In this sense, a branch can be thought of as a stack of changesets. There is a root changeset (where the branch starts) and a tip changeset (where the branch ends). Everything in-between constitutes the changeset history of the branch.
This portion of the API therefore is largely for advanced users. The Cloud CMS API lets you dig in and poke around at the changeset history of branches to do things like discover what changes were introduced on which changeset in the branch.
You probably don't need to do this unless you're building some really cool authoring or curation tools. Cloud CMS provides applications out-of-the-box that hopefully let you do most of the heavy lifting from an authoring viewpoint. So most of these APIs are cool but probably not very commonly used.
Changeset IDs
Most of the _doc identifiers for objects inside of Cloud CMS are GUIDs (globally unique IDs). Changesets are a bit different. Changeset IDs are stored in the _doc field but they have a special structure which looks like this:
{revision}:{guid}
As you write nodes into your branch, new changesets are layered into the branch. One at a time. Each new changeset has an incremented revision and a brand new GUID. Thus, the revision number always goes up one integer at a time.
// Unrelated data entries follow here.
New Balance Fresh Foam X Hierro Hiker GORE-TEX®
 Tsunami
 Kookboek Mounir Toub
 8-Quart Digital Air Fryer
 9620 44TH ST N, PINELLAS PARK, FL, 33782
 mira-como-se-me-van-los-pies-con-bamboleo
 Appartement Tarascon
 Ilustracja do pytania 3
The changeset ID ends up looking something like this: 452:4b5b685c980c10f98beb
Transactions
Changesets play an important role in transaction handling for writes onto branches. When a transaction begins, a new changeset is created. All of the writes (creates, updates and deletes) which occur as part of the transaction are committed to the database and flagged with the changeset. Only once all the writes have succeeded is the changeset flipped to an 'active' state.
If a transaction fails, the changeset is not flipped to an 'active' state. Instead, the transaction rolls back and the database state is cleaned up.
Only one changeset in a branch can be written to at a time. Thus, if a transaction is started and another thread running in your application attempts to write to the branch, it will be blocked and forced to wait until the first thread completes.